TimeSegmentation + pcSenseTimeSeg CUDA Implementation Plan¶

For agentic workers: REQUIRED: Use superpowers:subagent-driven-development (if subagents available) or superpowers:executing-plans to implement this plan. Steps use checkbox (- [ ]) syntax for tracking.

IMPORTANT: CUDA builds and tests run on the DGX Spark. Workflow: commit + push locally → pull on DGX Spark → build + test.
git push origin feature/cuda-perf-optimization
ssh acerj@100.109.49.10 "export PATH=/usr/local/cuda/bin:\$PATH && cd ~/forge && \
    git pull acerjanic feature/cuda-perf-optimization && \
    cmake --build build --target cpu_tests -j8"

Goal: Add CUDA forgeCol dispatch to TimeSegmentation and pcSenseTimeSeg, enabling fully GPU-resident field-corrected and phase-corrected SENSE reconstructions.

Architecture: No new CUDA kernels.
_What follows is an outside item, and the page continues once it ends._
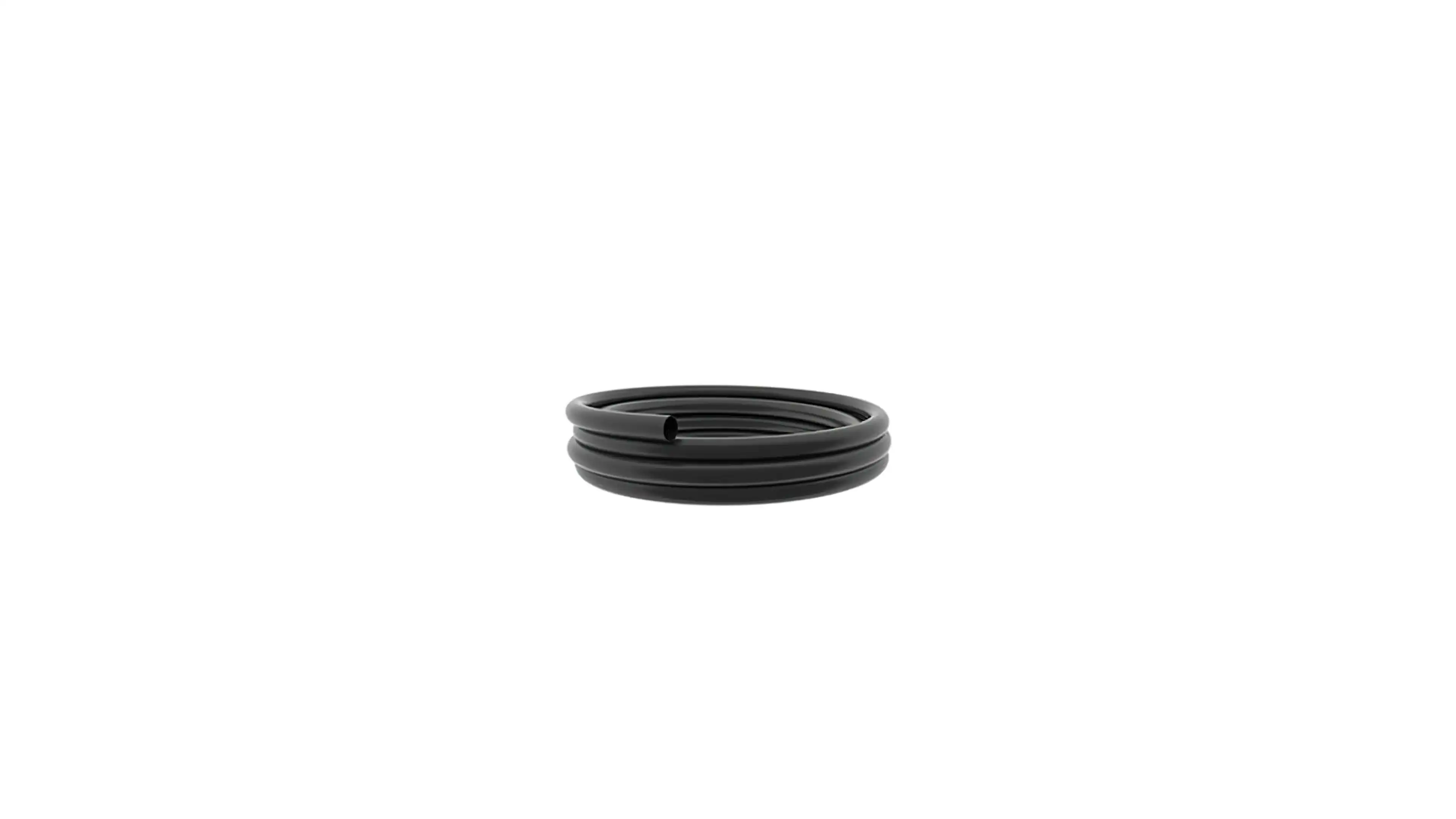 50mm HDPE Pipe 100m, Class 6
Mirror the existing Metal forgeCol paths with #elif defined(CUDA_COMPUTE) blocks. Pre-upload coefficient vectors to GPU in constructors. All element-wise operations (%=, +=, copy constructor) already have CUDA dispatch in forgeCol — they run CUDA kernels automatically when both operands are on GPU.

Tech Stack: Existing forgeCol CUDA dispatch, CudaNufftPipeline (Gnufft), CudaDftPipeline (Gdft)

Spec: docs/superpowers/specs/2026-03-20-timeseg-pcsense-cuda-design.md

File Structure¶

Files to Modify¶

File	Change
`forge/Gridding/TimeSegmentation.cpp`	Move coefficient vector population out of Metal block to common code; add CUDA constructor upload; add CUDA forgeCol forward/adjoint blocks
`forge/Operators/pcSenseTimeSeg.h`	Add `shotSenseMap_gpu` / `conjShotSenseMap_gpu` vectors under `CUDA_COMPUTE`
`forge/Operators/pcSenseTimeSeg.cpp`	Add CUDA constructor upload; add CUDA forgeCol forward/adjoint blocks

No new files. No header changes needed for TimeSegmentation (member vectors already declared unconditionally).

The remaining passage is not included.